• WHAT YOU HAVE TO DO
The pictures in the data below are to be omitted; all else must be duplicated exactly.

• GIVEN MATERIAL
+++++
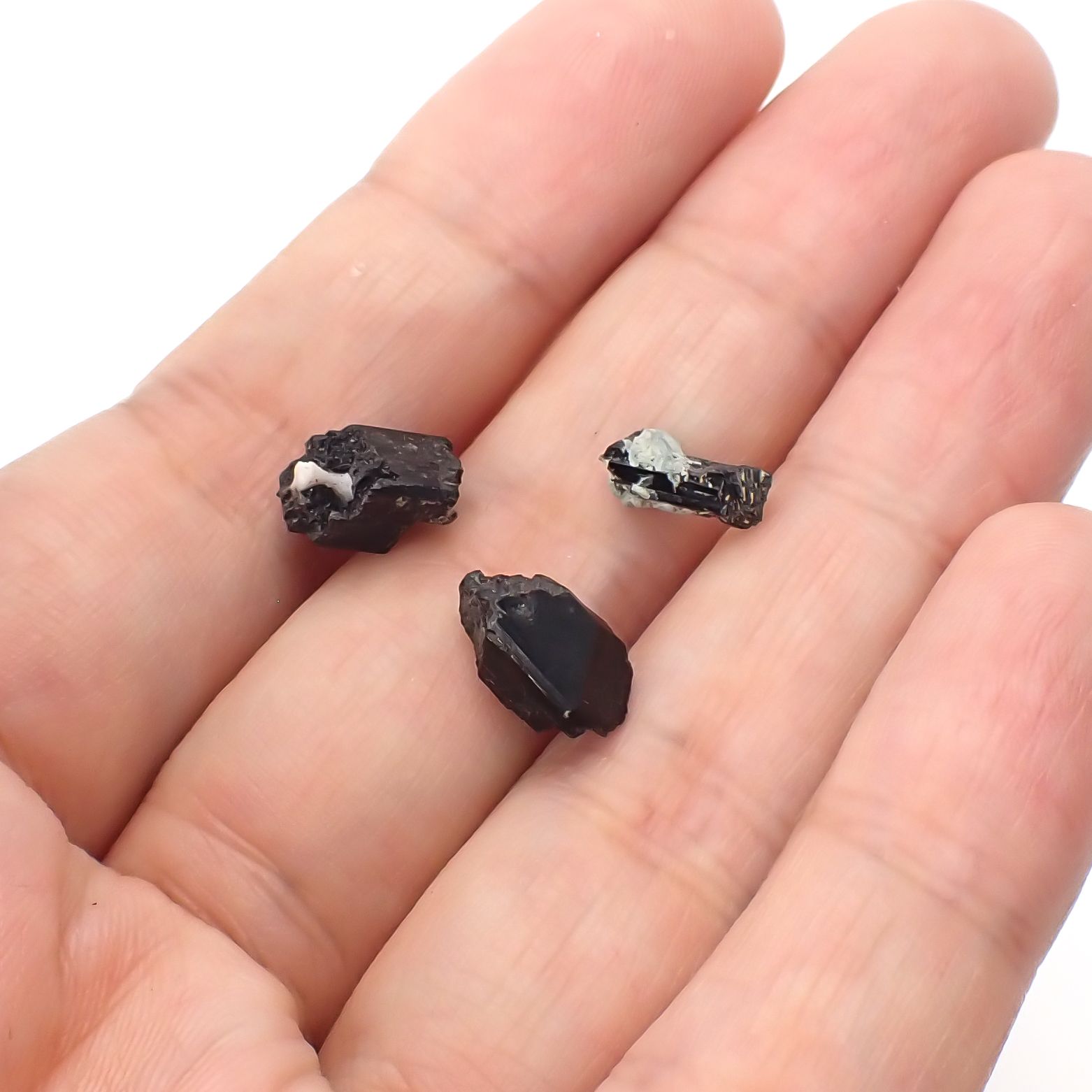 ネプチュナイト 原石 3個セット アメリカ・カリフォルニア州産 7.26ct(3pcs合計)[230622312]9.5-11.7x5.1-7.1mm前後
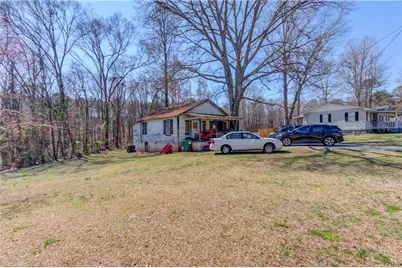 382 Dixie Red Avenue, Jefferson, GA 30549 - Photo 3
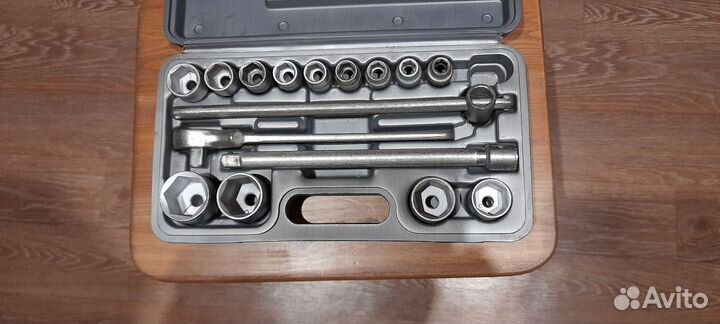 Набор головок с трещоткой от 10 до 32мм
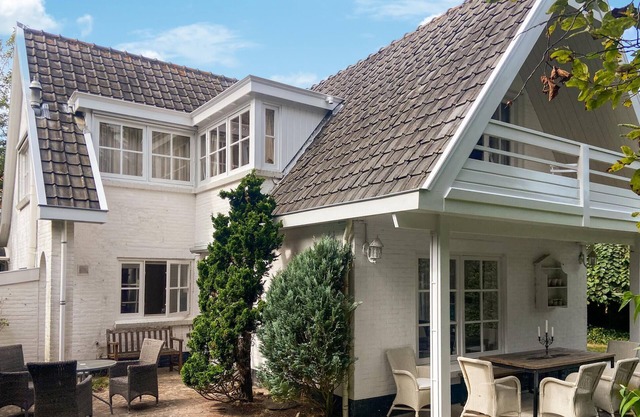 Gorgeous home in Groet with WiFi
+++++
• PROBLEM SOLUTION
 ネプチュナイト 原石 3個セット アメリカ・カリフォルニア州産 7.26ct(3pcs合計)[230622312]9.5-11.7x5.1-7.1mm前後
 382 Dixie Red Avenue, Jefferson, GA 30549 - Photo 3
 Набор головок с трещоткой от 10 до 32мм
 Gorgeous home in Groet with WiFi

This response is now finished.